I’m in Vermont for the weekend and reading Grief Worlds again, which I finished for the first time last month. This time I’m reading much slower, because I’m trying (really hard) to understand what the author Matthew Ratcliffe describes as the two-sided structure of grief.
I’ve also been thinking through some of the under-storied aspects of James Stephens’ telling of Tuan Mac Cairill, who—as the Irish legend has it—survived everyone he loved, died many years later and then was born again, multiple times. Reborn first as a stag, then a boar, then a hawk, then a salmon, Tuan had to relearn the world1 every time.
Stephens doesn’t spend that much time fleshing out those first moments, and what it was like to wake up in a world that was in one sense exactly the same and in another totally altered. Though the landscape of course hadn’t changed over night, it was a new experience for Tuan because he was in it within a new body. He was walking with four legs and not two. Seeing with eyes on the sides of the head, not the front. Moving off land altogether to a fresh life in air. I bet he had to move slowly at first.
And though Stephens doesn’t attend much to those moments—understandably, since relearning the world is a much slower and more painstaking process than any storyteller these days has the luxury of time or attention to elucidate—what he does do is describe Tuan’s elation by the time he is born as a fish. In elaborate, astonishing detail.
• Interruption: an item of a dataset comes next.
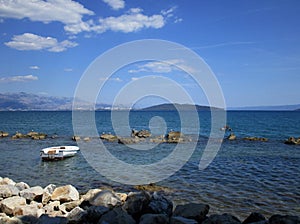 Picturesque scene of boats in a quiet bay of Croatia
Tuan himself might say that his bliss at that point boiled down to the ease of being in a fish body. Whereas human arms are “excessive and hindering2,” stag’s legs must be “tucked away for sleep, and untucked for movement,” hawk’s wings “must be folded and pecked and cared for,” the salmon is “but one piece from his nose to his tail.”
But, nearly two years into a deep dive of grief, loss and mourning, I have a suspicion there was something more to it. I am curious: What became possible for Tuan after relentless cycles of losing? What did he come to know about himself and the world through this perpetual process of learning and loss and relearning?
For Ratcliffe, grief typically involves moving “toward reconciling the reality of one’s current situation with the structure of one’s life.” We are living beings in a world that is not made up of fixed, meaningless objects, but “a cohesive, unfolding arrangement of significant possibilities, which are experienced and acted upon in ways that reflect projects, cares and concerns.”
Since neither our selves nor our worlds are fixed entities, learning to live within the dynamic tension of interior and exterior is in a sense what we’re up against, both as living beings and sometimes also as grievers. When we are grievers, it makes sense to describe the task after significant loss as “relearning the world,” while bearing in mind that the world itself has been undermined by the loss.
This tension—between what we’re anticipating from the world and what the world is disclosing to us—involves ongoing negotiation. And it seems this is part of what goes on in a process of grief, during which Ratcliffe notes that one often “knows full well what has happened, continues to inhabit a world that runs contrary to it, and experiences a tension between the two…”
A person may be completely disoriented by the loss of someone important. But the material components of the shared world within which the relationship existed doesn’t and, in fact, can’t change overnight. And this is why, though Stephens doesn’t spend much time fleshing out those first steps Tuan took in the world from within a new body, I just know it took time to adjust. Tuan just needed time to orient in a world that was in one sense totally altered and in another exactly the same.